* _ASSIGNMENT_: From the line containing "전국 대부분 지역에 폭염특보가" down to the final line of the entries below, return each line exactly and drop the pictures.

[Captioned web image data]

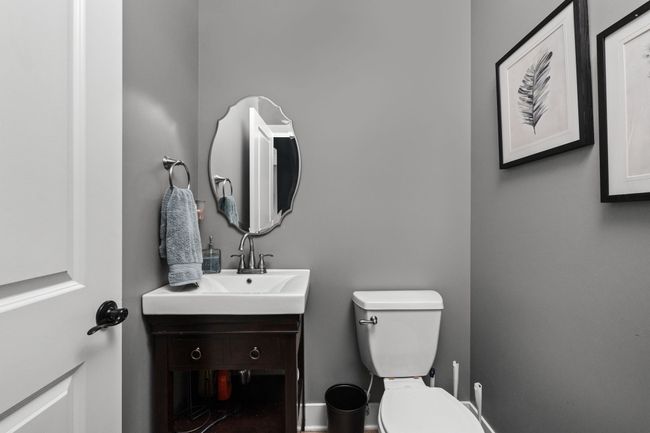 Half Bath on Main | Image 21
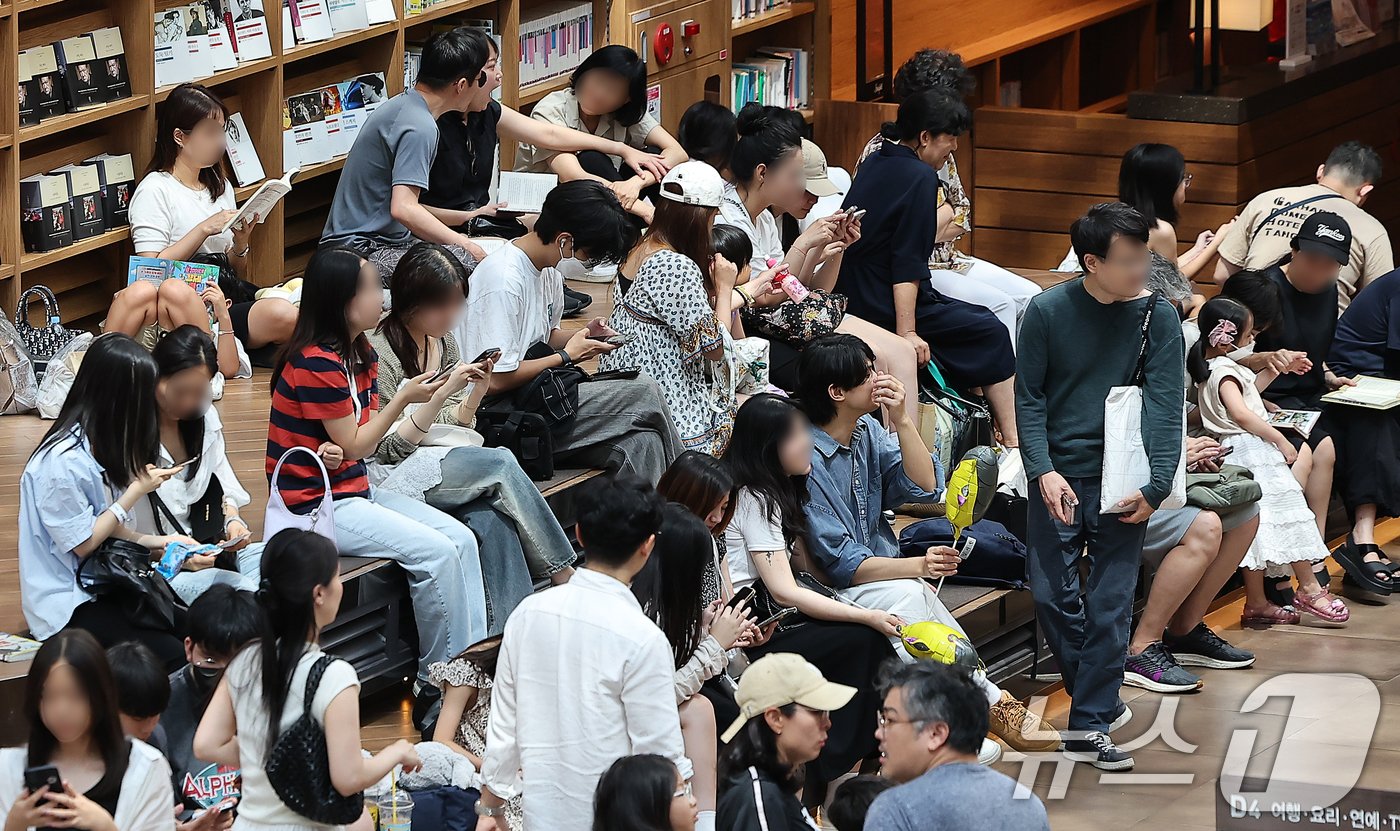 전국 대부분 지역에 폭염특보가 발효된 18일 오후 서울 강남구 스타필드 코엑스몰 별마당 도서관이 시민과 관광객들로 북적이고 있다. 2024.8.18/뉴스1 ⓒ News1 김진환 기자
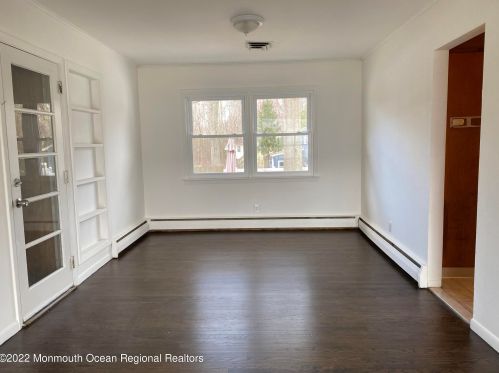 28 New Monmouth Rd, Middletown NJ  07748-2116 exterior
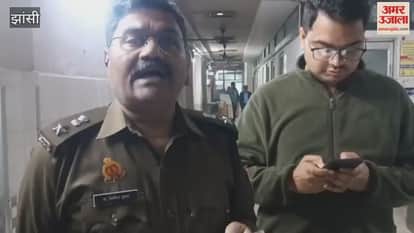 Jhansi: The death toll in the highway accident has risen to two; toll workers were crushed by a roadways bus.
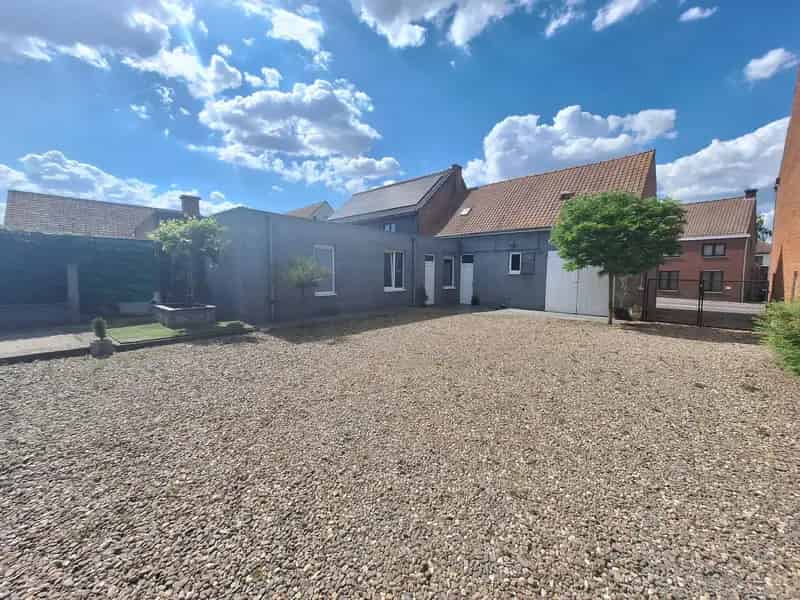 Gerenoveerde halfopen bebouwing 1441m² tuin boomgaard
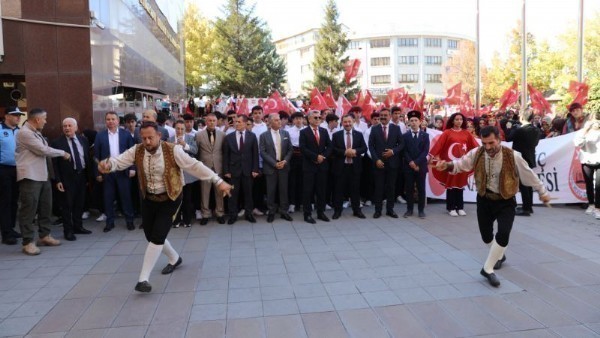 Etimesgutlu öğrencilerden 100'üncü yıl kutlamaları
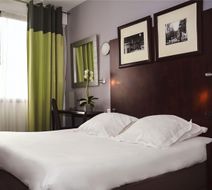Hotel Du Centre Room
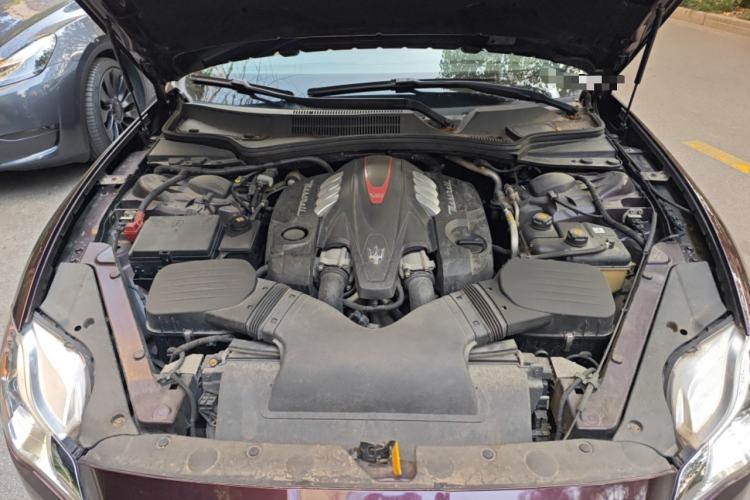 Used Maserati President 2013 3.8T Standard Model Engine Bay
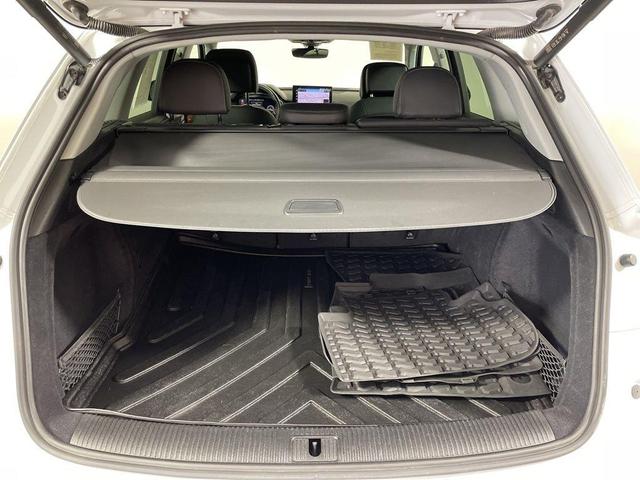Photo of 2023 Glacier White Audi Q5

* _EXERCISE ANSWER_:
 전국 대부분 지역에 폭염특보가 발효된 18일 오후 서울 강남구 스타필드 코엑스몰 별마당 도서관이 시민과 관광객들로 북적이고 있다. 2024.8.18/뉴스1 ⓒ News1 김진환 기자
 28 New Monmouth Rd, Middletown NJ  07748-2116 exterior
 Jhansi: The death toll in the highway accident has risen to two; toll workers were crushed by a roadways bus.
 Gerenoveerde halfopen bebouwing 1441m² tuin boomgaard
 Etimesgutlu öğrencilerden 100'üncü yıl kutlamaları
Hotel Du Centre Room
 Used Maserati President 2013 3.8T Standard Model Engine Bay
Photo of 2023 Glacier White Audi Q5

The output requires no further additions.